Take the line with "Pigeon Arrival Image For Race Race 6" as the first and the last line of the data as the end. Write out both and every line between exactly, except pictures.

—————

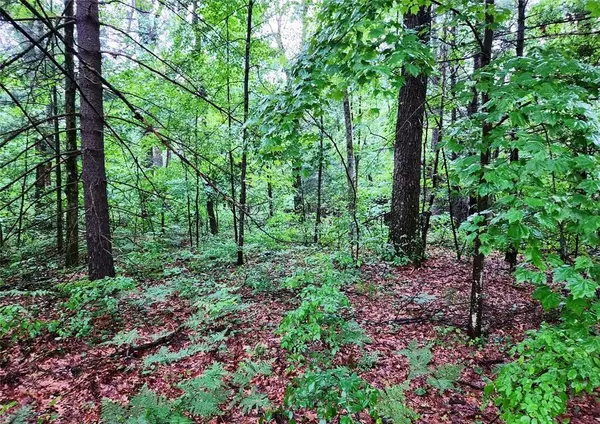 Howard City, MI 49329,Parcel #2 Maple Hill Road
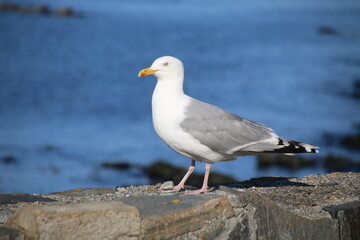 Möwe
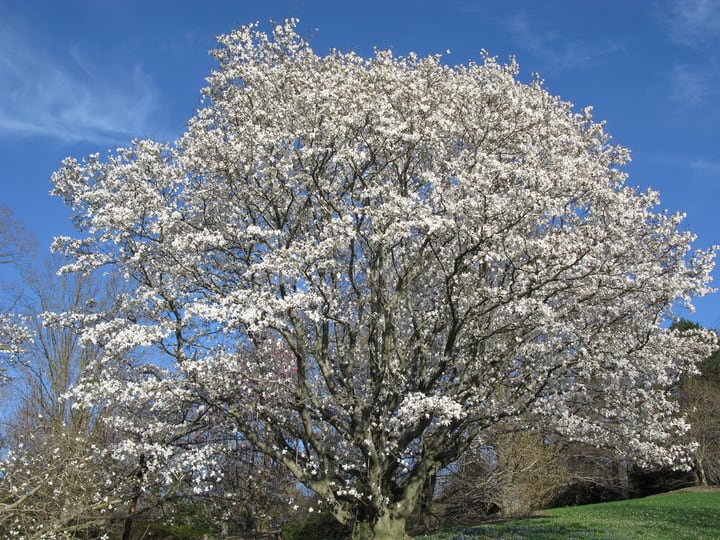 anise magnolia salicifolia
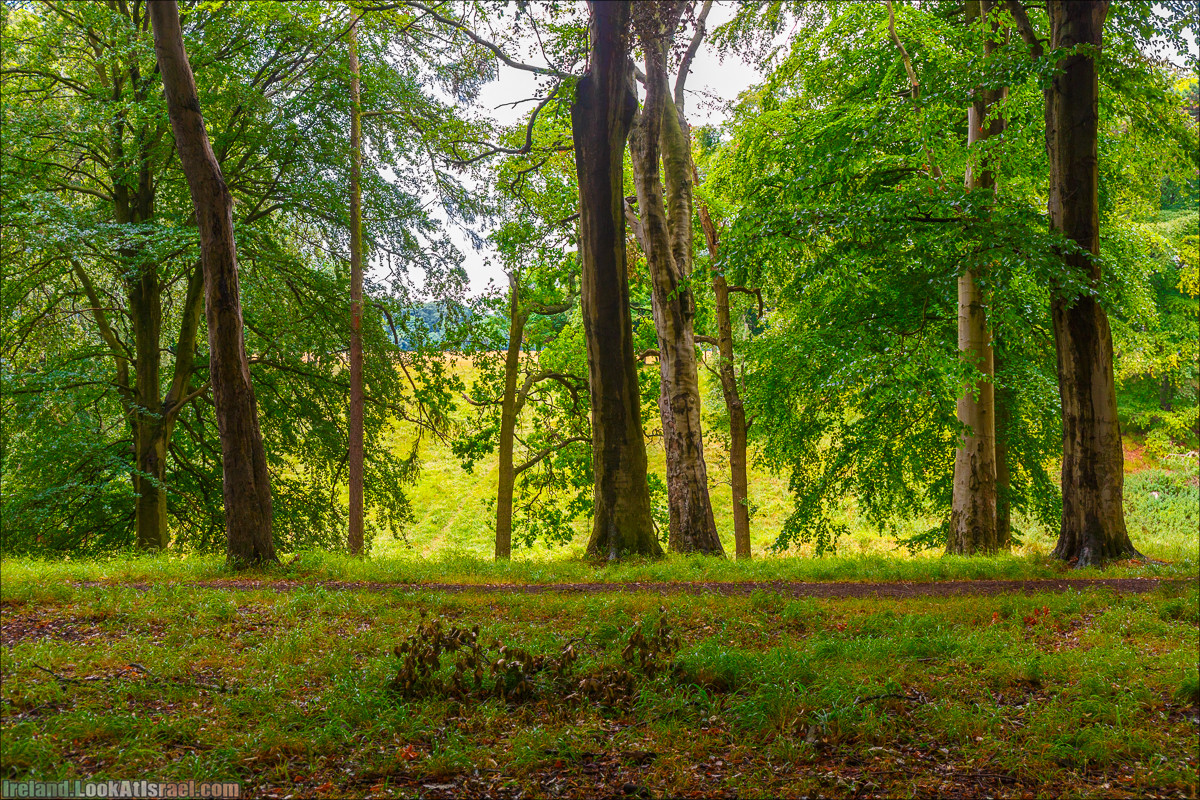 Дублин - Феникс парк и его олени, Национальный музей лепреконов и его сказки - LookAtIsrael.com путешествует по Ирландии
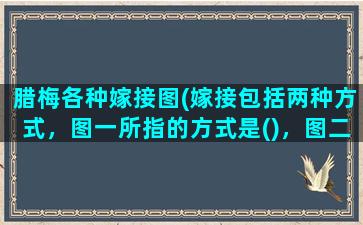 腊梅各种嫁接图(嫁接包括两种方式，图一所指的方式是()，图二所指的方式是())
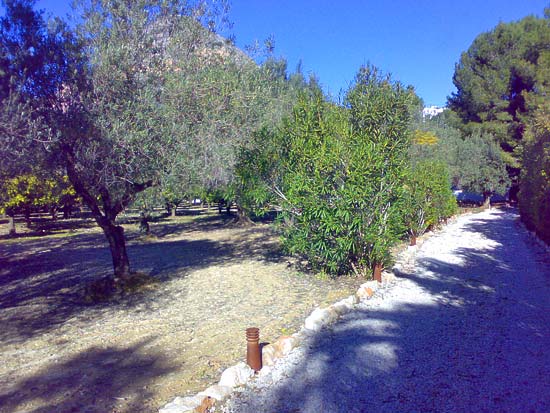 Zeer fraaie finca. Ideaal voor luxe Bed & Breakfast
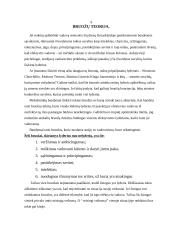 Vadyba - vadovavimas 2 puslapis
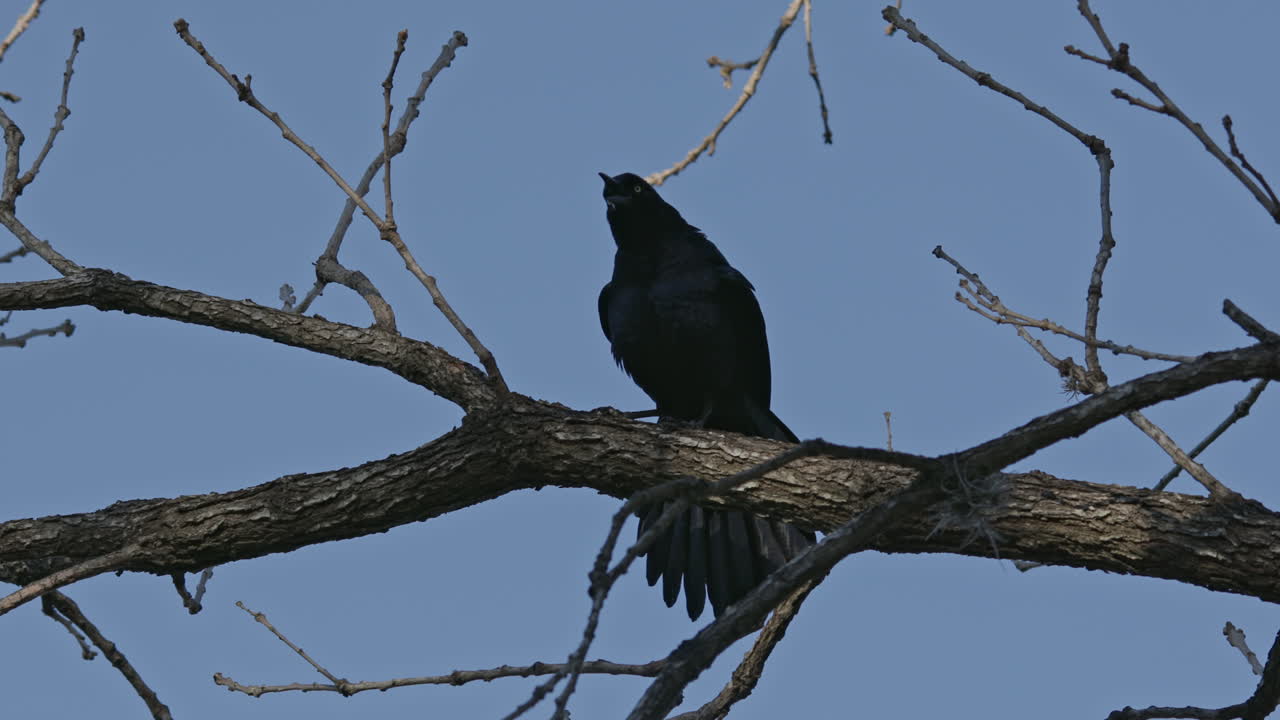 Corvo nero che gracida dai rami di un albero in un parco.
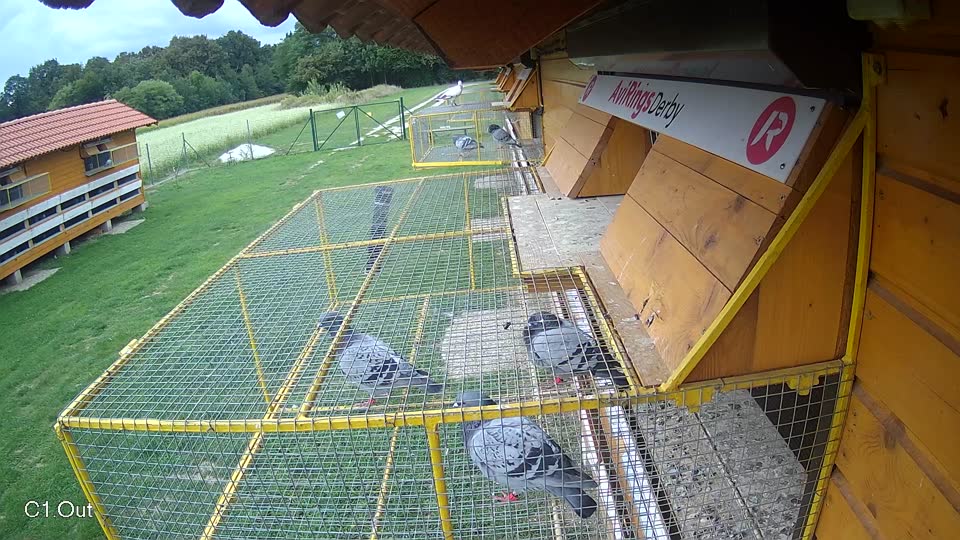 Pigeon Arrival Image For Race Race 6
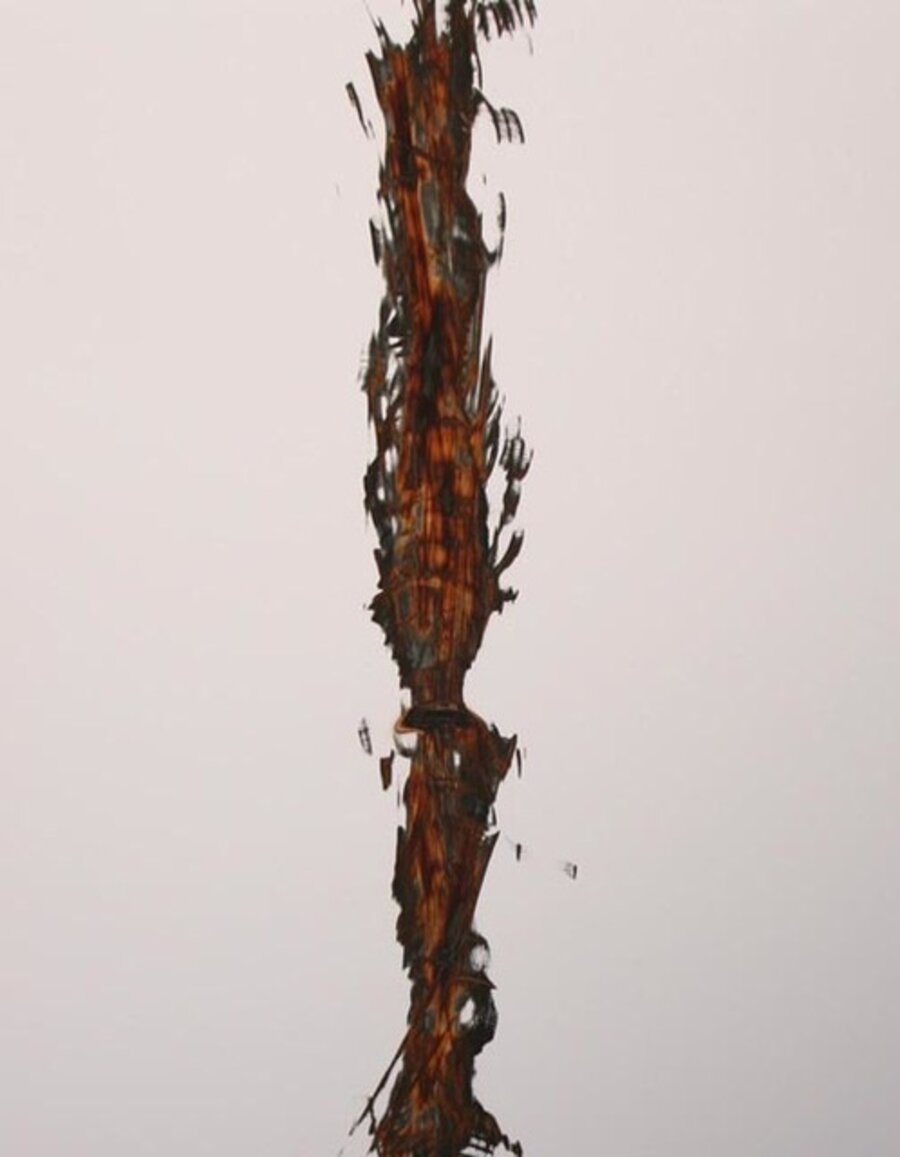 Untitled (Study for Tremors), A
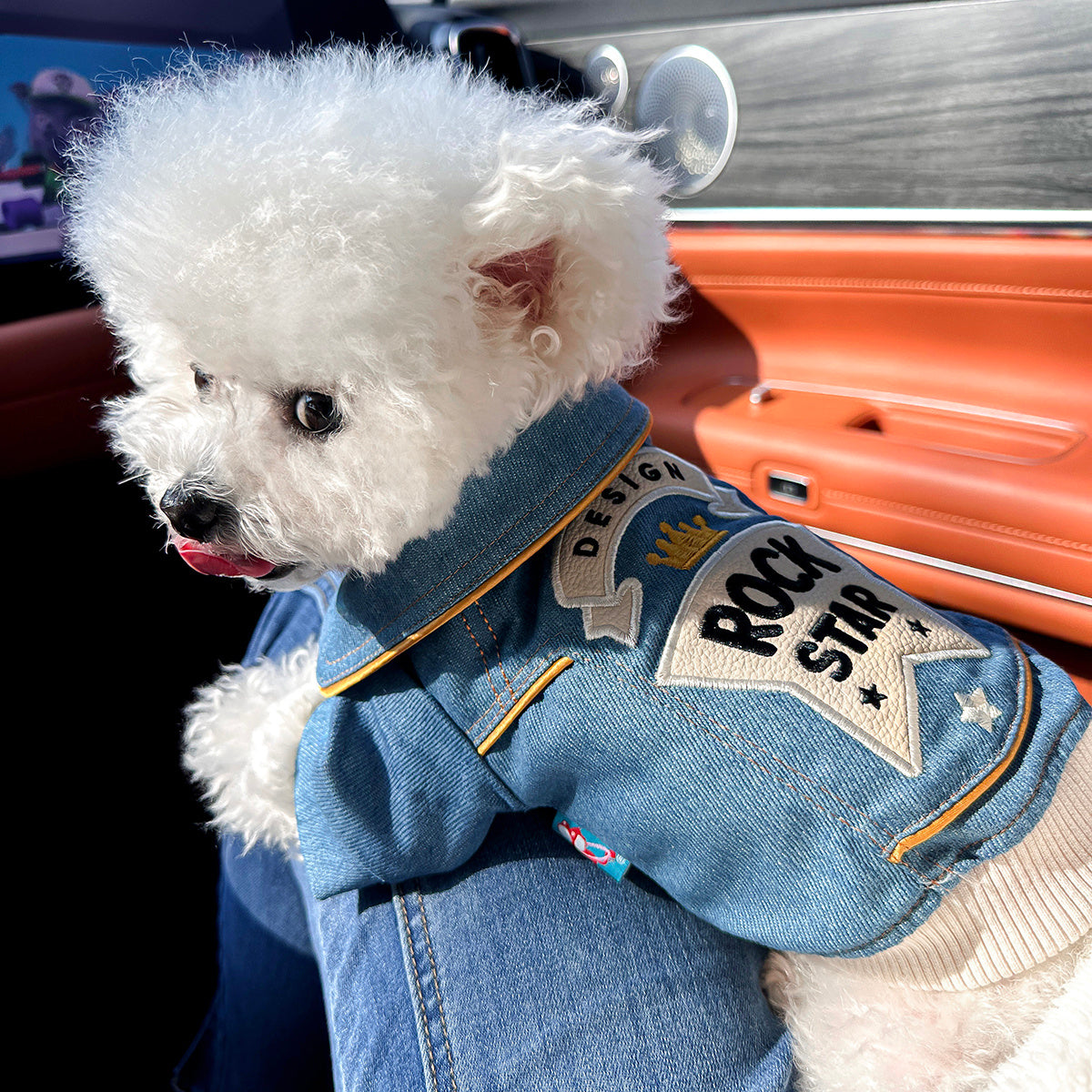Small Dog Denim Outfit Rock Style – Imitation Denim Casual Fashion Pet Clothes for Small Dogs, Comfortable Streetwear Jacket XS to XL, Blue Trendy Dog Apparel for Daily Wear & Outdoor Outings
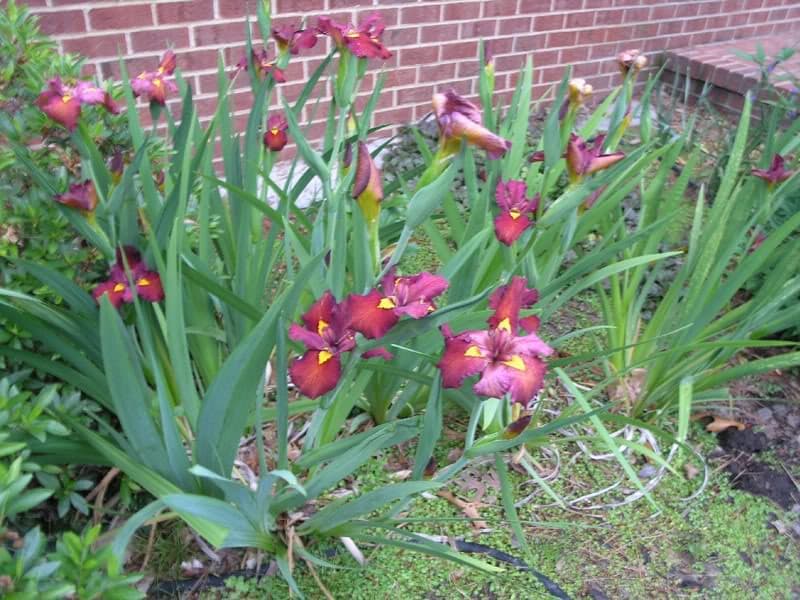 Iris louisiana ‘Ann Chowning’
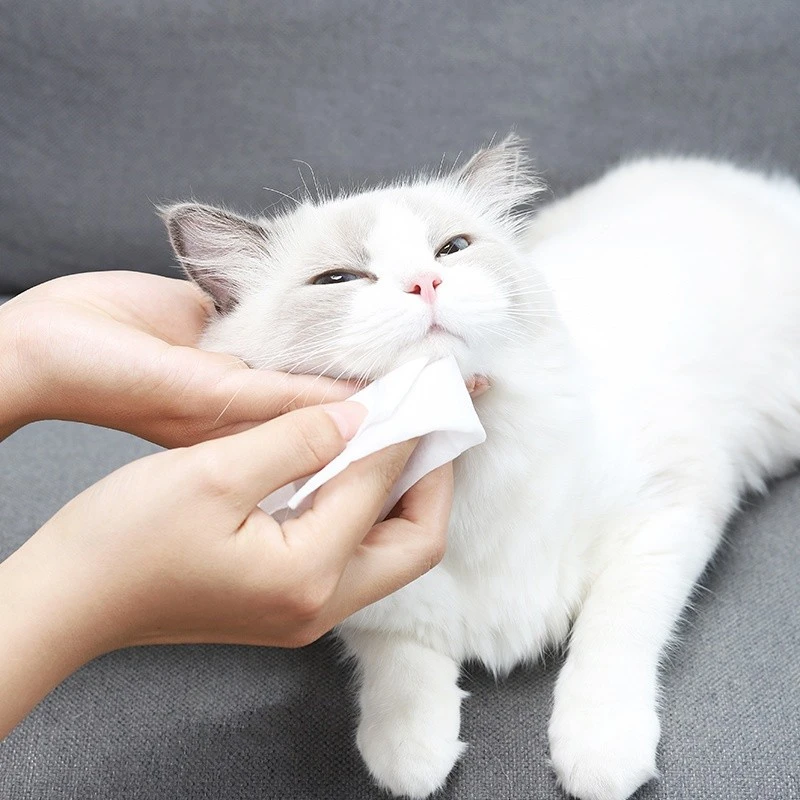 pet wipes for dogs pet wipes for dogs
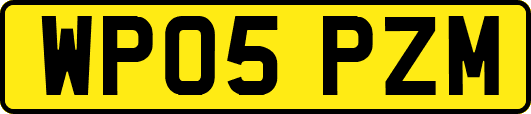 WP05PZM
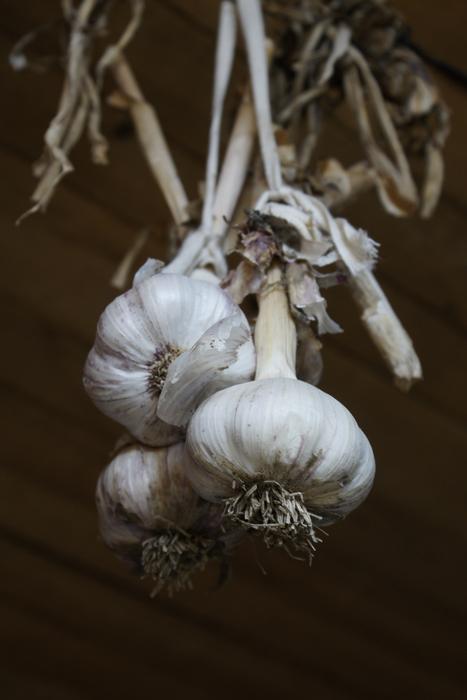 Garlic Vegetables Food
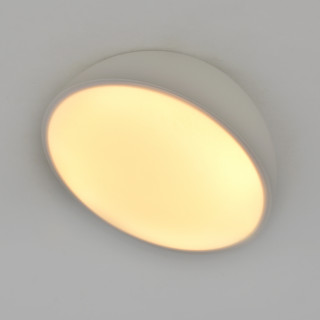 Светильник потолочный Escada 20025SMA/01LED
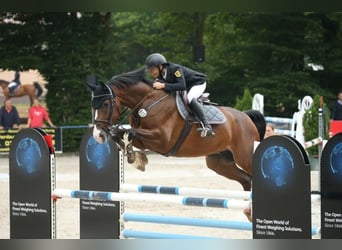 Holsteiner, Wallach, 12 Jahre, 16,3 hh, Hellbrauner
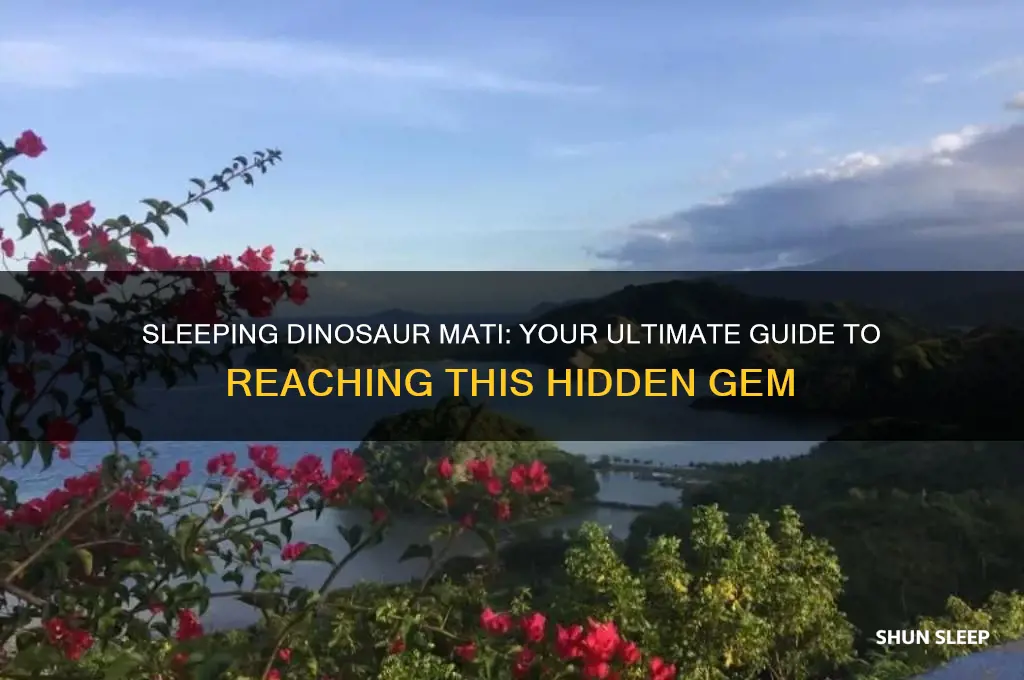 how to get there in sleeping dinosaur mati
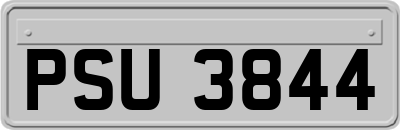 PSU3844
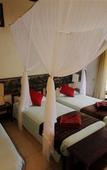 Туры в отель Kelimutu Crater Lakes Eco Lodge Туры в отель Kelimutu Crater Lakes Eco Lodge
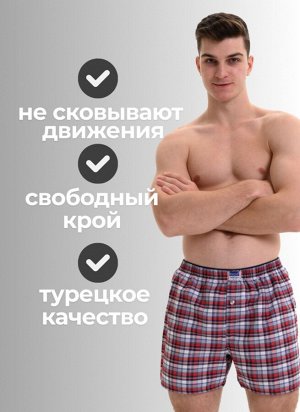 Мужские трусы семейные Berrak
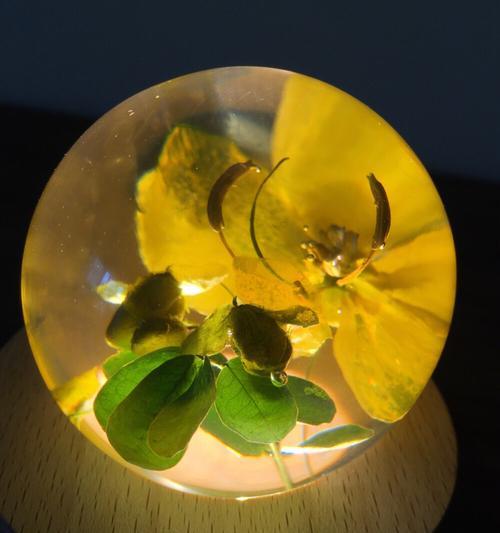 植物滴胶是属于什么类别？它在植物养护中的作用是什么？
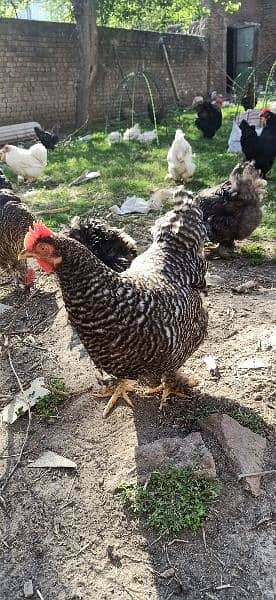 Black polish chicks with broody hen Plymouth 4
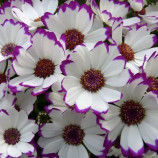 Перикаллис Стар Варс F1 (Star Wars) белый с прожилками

—————

Task result ->
 Pigeon Arrival Image For Race Race 6
 Untitled (Study for Tremors), A
Small Dog Denim Outfit Rock Style – Imitation Denim Casual Fashion Pet Clothes for Small Dogs, Comfortable Streetwear Jacket XS to XL, Blue Trendy Dog Apparel for Daily Wear & Outdoor Outings
 Iris louisiana ‘Ann Chowning’
 pet wipes for dogs pet wipes for dogs
 WP05PZM
 Garlic Vegetables Food
 Светильник потолочный Escada 20025SMA/01LED
 Holsteiner, Wallach, 12 Jahre, 16,3 hh, Hellbrauner
 how to get there in sleeping dinosaur mati
 PSU3844
 Туры в отель Kelimutu Crater Lakes Eco Lodge Туры в отель Kelimutu Crater Lakes Eco Lodge
 Мужские трусы семейные Berrak
 植物滴胶是属于什么类别？它在植物养护中的作用是什么？
 Black polish chicks with broody hen Plymouth 4
 Перикаллис Стар Варс F1 (Star Wars) белый с прожилками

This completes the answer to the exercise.